Segment Start: Exercise data
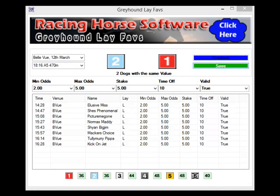So that is Greyhound Lay the Faves for you — very quick, very easy to use. And as I said, if you've got a Greyhound bot, you can load the bets up pretty much straight away and get on with the rest of your day, then come back and check the results later. Thanks to Kev for the program, and I'm Steve Davis. Thanks for watching.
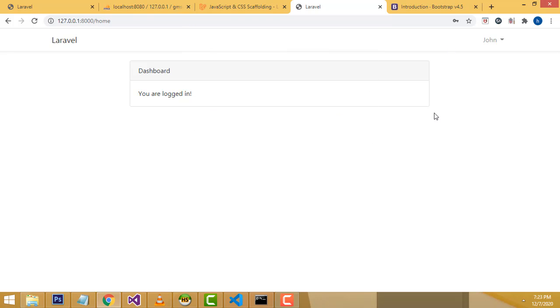It's a very simple login form with session. I hope you understood everything well. If you have any doubts, you can ask me anytime. If you like my channel, please subscribe and like. Thank you for watching.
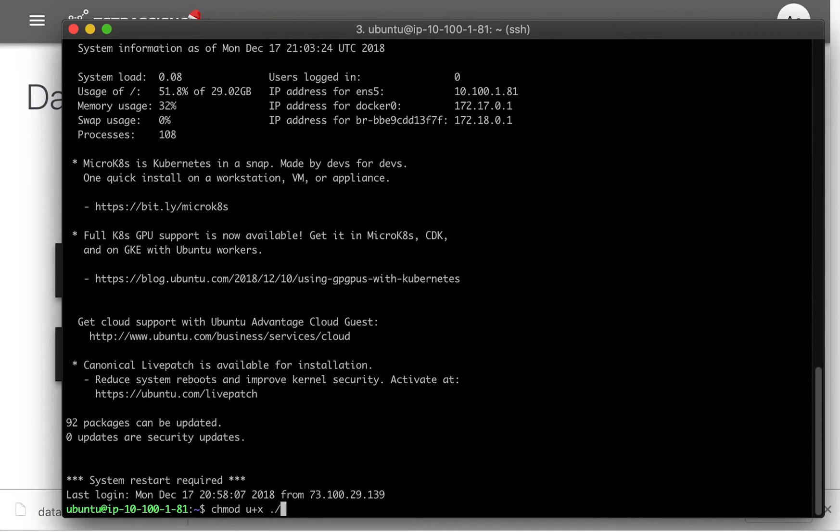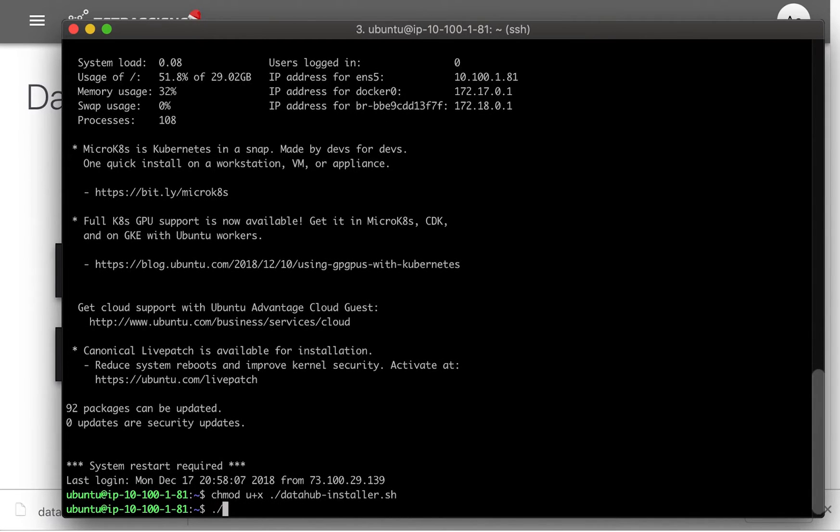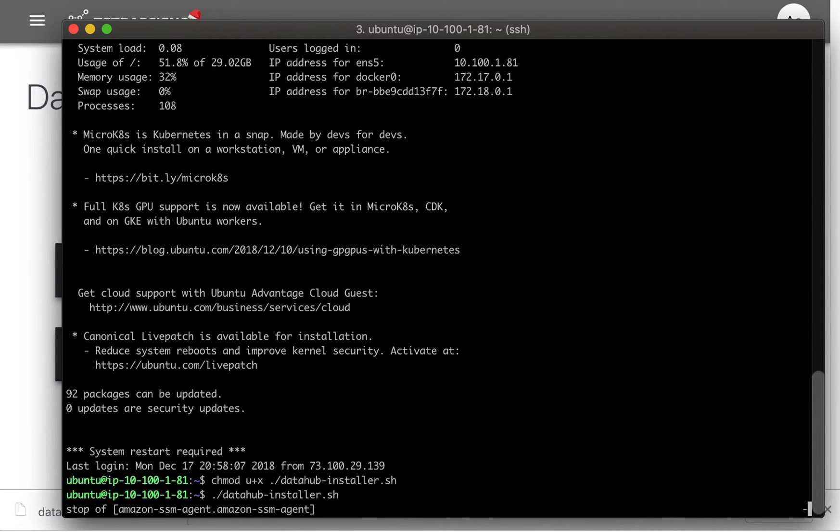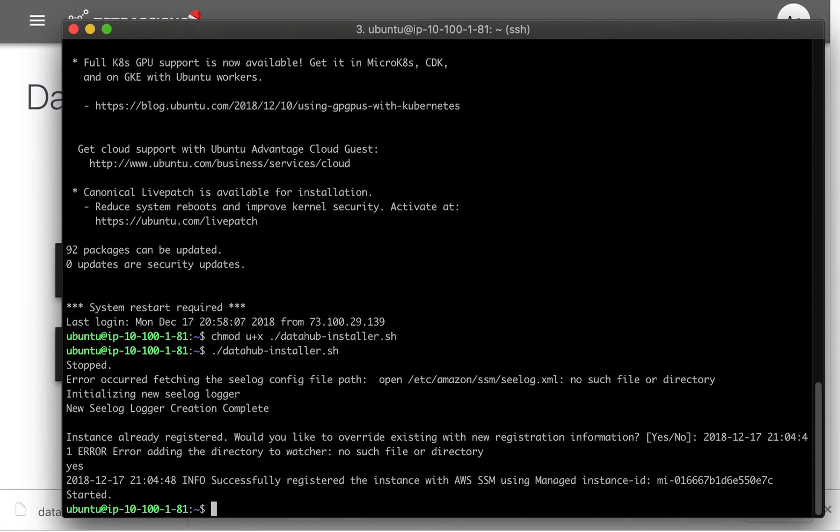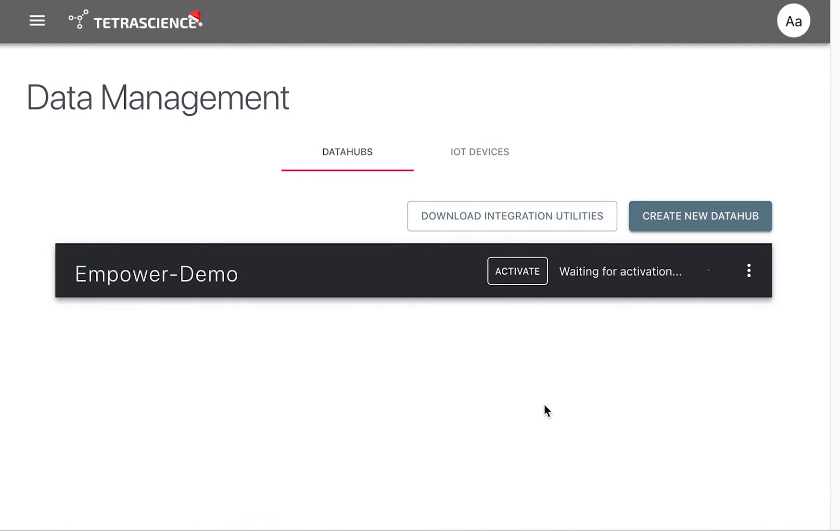Its main function is to register AWS System Manager on the Data Hub so that Empower data may be transferred to an AWS S3 bucket. Once the Data Hub is configured, we'll jump back to TetraScience and activate it.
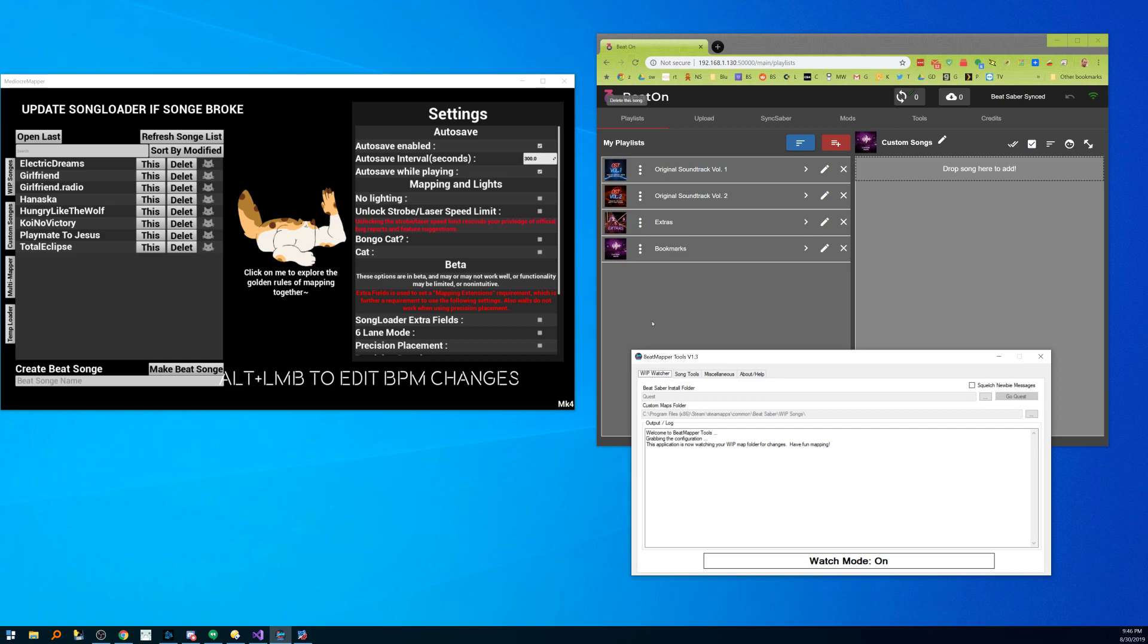So let's check it out. So currently I'm in Quest mode and I am in watch mode so anytime I touch a map this is gonna get fired off.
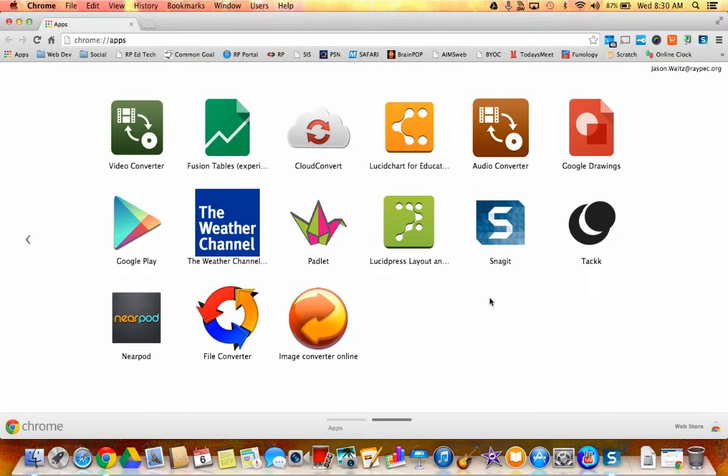Hi everyone. This is a tutorial about using Keynote on your MacBook and then also pairing that with your iPhone or iPad in order to use the remote feature I showed you the other day. So let's go ahead and get started.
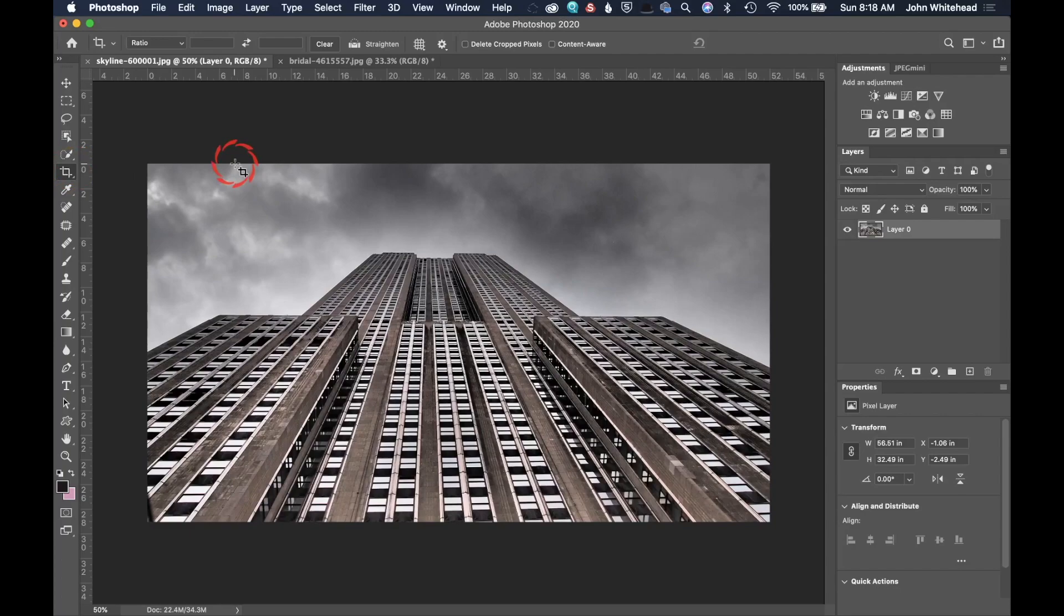That is how you use the crop tool inside of Adobe Photoshop. If you have any comments or questions, you can leave those below. And as always, don't forget to subscribe.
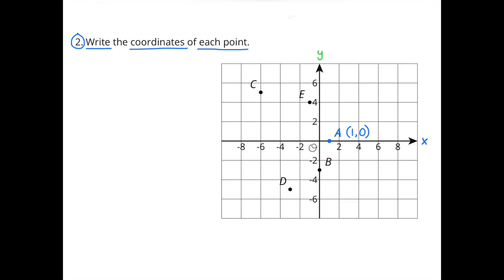The point for A is exactly halfway between the origin (0) and 2, so halfway between 0 and positive 2 would be positive 1. The first coordinate for A is positive 1. The point for A is directly on the x-axis, meaning it hasn't moved up or down, so the second coordinate is 0. B is located directly on the y-axis, so the first coordinate for B is 0. It's located exactly between negative 2 and negative 4, which would be negative 3. So the coordinates for B are 0 and negative 3.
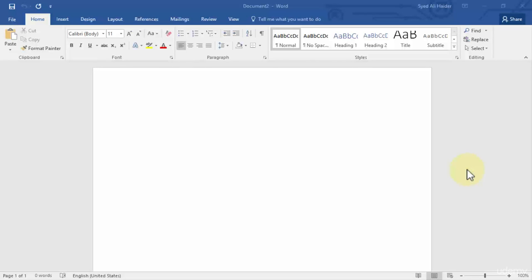Macros have a file extension of dot m, and what a macro is, is a series of automated steps. So it's very simple and I'm going to demonstrate to you how you can easily create a macro for yourself in Microsoft Word and how you can save it as well. So an example of a macro can be...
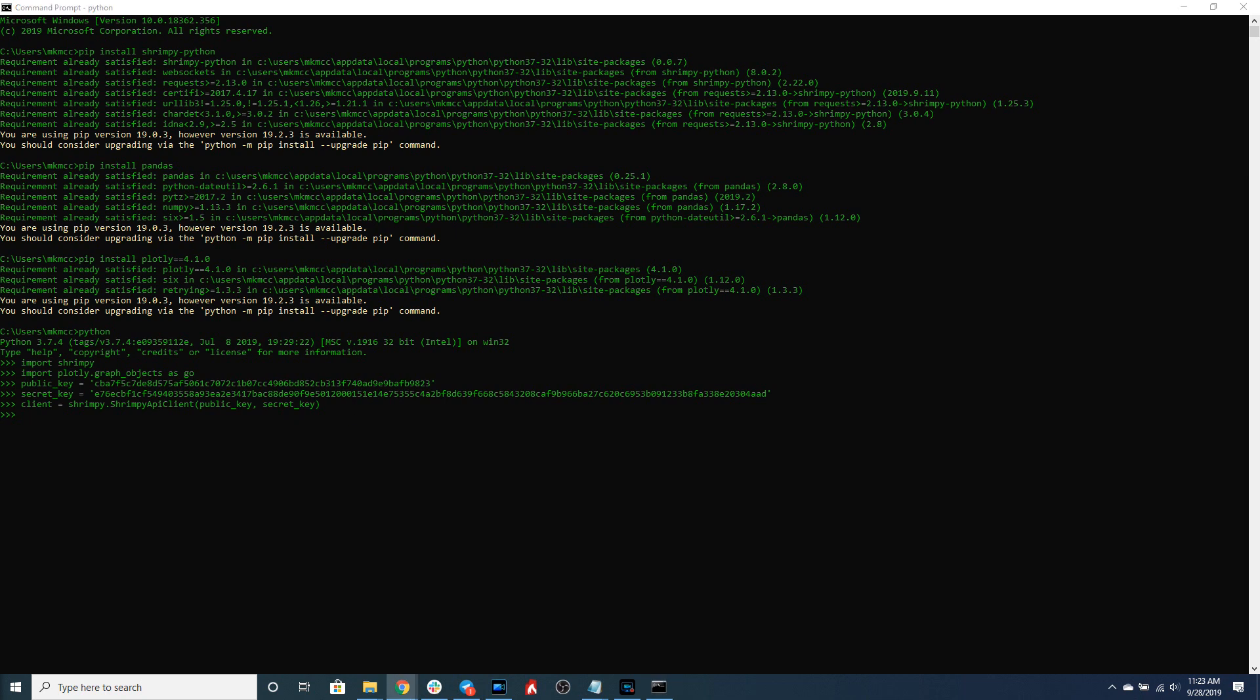Now we have to decide which candlesticks we want to plot for this application. You can choose pretty much any asset and any major exchange. But for this example,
Segment End: Exercise data
Work request ->
Beginning with the line holding "It's a very" in the material above, restate word for word each line through the line holding "Hi everyone. This", and exclude pictures.

Completed exercise ->
It's a very simple login form with session. I hope you understood everything well. If you have any doubts, you can ask me anytime. If you like my channel, please subscribe and like. Thank you for watching.
Its main function is to register AWS System Manager on the Data Hub so that Empower data may be transferred to an AWS S3 bucket. Once the Data Hub is configured, we'll jump back to TetraScience and activate it.
So let's check it out. So currently I'm in Quest mode and I am in watch mode so anytime I touch a map this is gonna get fired off.
Hi everyone. This is a tutorial about using Keynote on your MacBook and then also pairing that with your iPhone or iPad in order to use the remote feature I showed you the other day. So let's go ahead and get started.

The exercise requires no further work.